IEA Resident Artist Audra Wolowiec
The Institute for Electronic Arts (IEA) announces an exciting line up of resident artists in the Fall semester 2024. Audra Wolowiec is an interdisciplinary artist whose work oscillates between installation, print, sculpture and performance with an emphasis on sound and the material qualities of language.She is interested in how sound can create spaces of listening and connection. Her work has been shown internationally and in the United States at MASS MoCA, CCS Bard Hessel Museum, ICA at MECA (Maine College of Art), Print Center New York, and Art in General. Interviews and reviews have appeared in Artforum, BOMB Magazine, The New York Times, The Brooklyn Rail, and Sound American. Residencies include Bemis Center for Contemporary Art, Complex Systems Art and Physics Residency at the University of Oregon supported by a National Science Foundation Grant, Dieu Donné, Center for Book Arts, and a fellowship at the New York Public Library’s Picture Collection. Wolowiec currently teaches at Parsons School of Design and directs the publishing platform Gravel Projects.
The IEA is supported by the National Endowment for the Arts, The New York State Council on the Arts with the support of Governor Kathy Hochul and the New York State Legislature, the Schein-Joseph Endowment and the Ralph C. Wilson, Jr Foundation.

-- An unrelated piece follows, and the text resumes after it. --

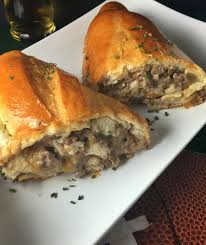 1/2 lb regular ground beef 1/3 c tomato puree 1/4 c onion 2 ts sugar 1/4 ts dry mustard. Loose Meat Tavern Sandwiches Totally Tailgates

The IEA is a high technology research studio facility within the School of Art and Design, which encourages and supports projects that involve interactive multi-media systems, experimental sonic/video production, digital imaging, and publications. The IEA is committed to developing cultural interactions spurred by technological experimentation and artistic investigations.
The IEA offers two types of residency: Time-based/ New Media and Print Media. The IEA video and sound studio offers artists an integrated system with real-time video, image-processing software, hardware and video capture. The IEA’s Experimental Print Media Program Residency seeks artists who want to explore Digital Printmedia technologies to further and expand their working practice. Artists have access to state-of-the-art digital arts facilities.